Friday, January 24th, 2014 - Post by Betsy Pond

While Icicles look somewhat magical and remind us that winter has arrived, they are in fact an indication that something is wrong in that home.  Usually that something is the dreaded ice dam.

Let me give you a definition of an ice dam and why it occurs:  An ice dam is a block of ice that forms at the edge of the roof preventing the melting snow from properly draining off the roof.  The melted water backs up behind the ice dam and remains a liquid.  Since roofing systems are designed for water to run downhill rather than up, the water will find a path of least resistance to escape, and it finds cracks and openings in the exterior roof into the attic through the walls and ceiling.

If you have an ice dam, there is very little you could have done to prevent its formation.  Even though code requires that roofing underlayment be installed 24 inches from the eave, it is merely a preventive measure rather, than a guarantee, that water will not back up and find a way into the interior.   As heat rises, the air in your attic is warmest at the top and coolest at the eaves – and that is why snow on the roof will begin to melt first at the top and refreezes when it reaches the cooler eaves.
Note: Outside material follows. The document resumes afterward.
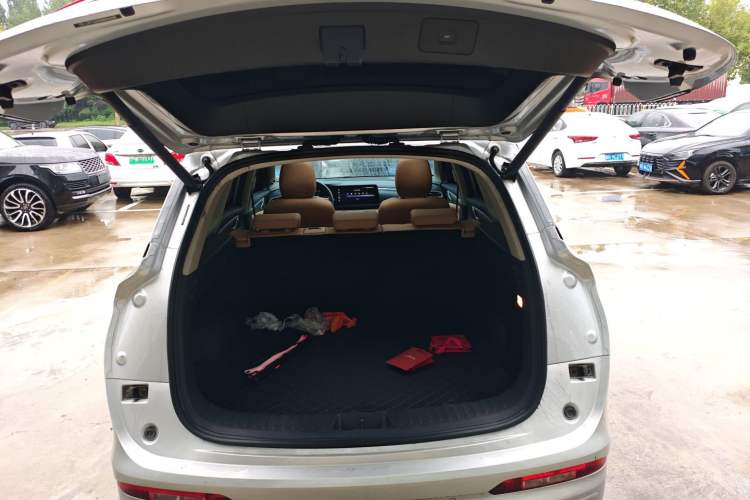Used Landian E5 2024 Honor Edition 100KM Deluxe 5-Seater Trunk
Because damage from ice dams is not covered by either roofing contractors or manufacturers, if you have interior damage, please contact your insurance company immediately.  Do not make arrangements for repair until the ceilings and walls are dry.  Take pictures of the interior damage, but under no circumstances try to get on the roof.

To help avoid ice dams, make sure your attic is well insulated and properly ventilated.

Once an ice dam forms, there is nothing you can do – it will normally go away on its own.  About all you can do is arm yourself with buckets, mops and tarps for the furniture.